The IBM/Bosch team spent time learning about specific issues in the manufacturing process that needed to be addressed and figuring out what types of sensors to deploy and where. IBM built a separate, secure wireless network, according to Vogelbacher. Then they set up a series of cameras to take pictures of each bottle as it comes off the assembly lines. The images are analyzed in the IBM cloud and near real-time information is relayed back to the Sugar Creek brewers, allowing the brewmasters to tune the machines so that spillage is reduced.

Over time, the team added additional Bosch sensors and flow meters that capture information on key parameters in the fermentation process, such as temperature, pH, gravity, pressure and carbonation. Instead of workers walking around with clipboards gathering information, the IoT system is automatically collecting multiple data points per second, says Vogelbacher. “This gives us the opportunity to make better decisions and troubleshoot,” he says.

The IoT sensor data is transmitted to a gateway on the private Wi-Fi 5 (802.11ac) network, which uses an onboard GPU to make an inference from the image and record the fill level from the bottle. The data is synchronized and sent over a public network to the IBM cloud using the MQTT protocol. Once the data has been analyzed, the results are presented to Sugar Creek brewmasters on a 60-inch screen on wheels, so it can be moved around the facility.

Vogelbacher says the IoT system has saved his company at least $10,000 a month in spillage, but even more importantly, it has enabled the company to improve the quality of the beer. “Quality is our core value,” Vogelbacher says. The IoT system allows Sugar Creek to identify the quality aspects of beer—flavor, aroma, appearance, mouth feel—and link those qualities to specific production parameters.

And Vogelbacher isn’t stopping there. He is now working with IBM and the Watson team to take raw data from online reviews and translate that information back into production parameters in order to produce what he calls “a fully AI-generated beer.”

AWS vs. Azure vs. IBM

According to Counterpoint Research’s Shah, Microsoft’s Azure IoT offers the most comprehensive platform. “Coming from a strong enterprise cloud business, Microsoft Azure IoT is the only end-to-end platform that has successfully built its edge IoT capabilities and offers greater interoperability with other value-chain players.”

AWS offers robust cloud IoT and application enablement and has been building up its edge capabilities with Greengrass. But AWS lags Microsoft and the edge-first vendors when it comes to offering an advanced and scalable edge data-analytics engine, according to Counterpoint.

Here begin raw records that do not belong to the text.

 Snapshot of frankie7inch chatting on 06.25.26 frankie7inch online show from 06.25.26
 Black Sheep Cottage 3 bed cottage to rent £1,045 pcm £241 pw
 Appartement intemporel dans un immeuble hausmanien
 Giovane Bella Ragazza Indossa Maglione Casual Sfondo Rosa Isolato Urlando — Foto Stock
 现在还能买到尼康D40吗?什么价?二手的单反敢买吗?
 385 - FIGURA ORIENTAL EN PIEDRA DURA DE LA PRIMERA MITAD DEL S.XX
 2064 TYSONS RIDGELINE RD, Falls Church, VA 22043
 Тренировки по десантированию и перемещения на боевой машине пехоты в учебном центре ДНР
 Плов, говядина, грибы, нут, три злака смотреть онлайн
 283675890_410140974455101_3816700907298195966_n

IBM’s big strength is its Watson machine-learning and AI platform. Also, its RedHat acquisition strengthens IBM’s edge software, security and virtualization offerings. However, IBM is playing catch-up when it comes to its partnership roster and edge-analytics capabilities, says Shah.

In Dubrova’s analysis, AWS and Azure have the lead over competitors because they keep building out new data centers across the world, effectively bringing the edge closer to clients. They also have the best pre-built machine-learning models and easy-to-use analytics toolsets, which are key. Recall the Sugar Creek example, where the machine-learning models needed to be trained to recognize when a beer bottle had the right amount of foam and was property filled.

The good news for enterprises is that there are options. Companies can set up IoT deployments building block by building block, without impacting IT infrastructure resources, says Dubrova. Or, they can take the managed services route. “Cloud partners’ domain expertise and analytics services are available as a subscription directly from AWS, Azure ,and IBM marketplaces almost as a ‘one-click purchase,’”she adds.

Shah says the IoT market is still young with enough room to give every IoT platform the potential to grow and be successful as millions of enterprises kickstart their digital transformations. “We will likely see a co-opetition model as many of these highly capable platforms compete as well as complement each other to help build an effective and efficient IoT solution,” he says.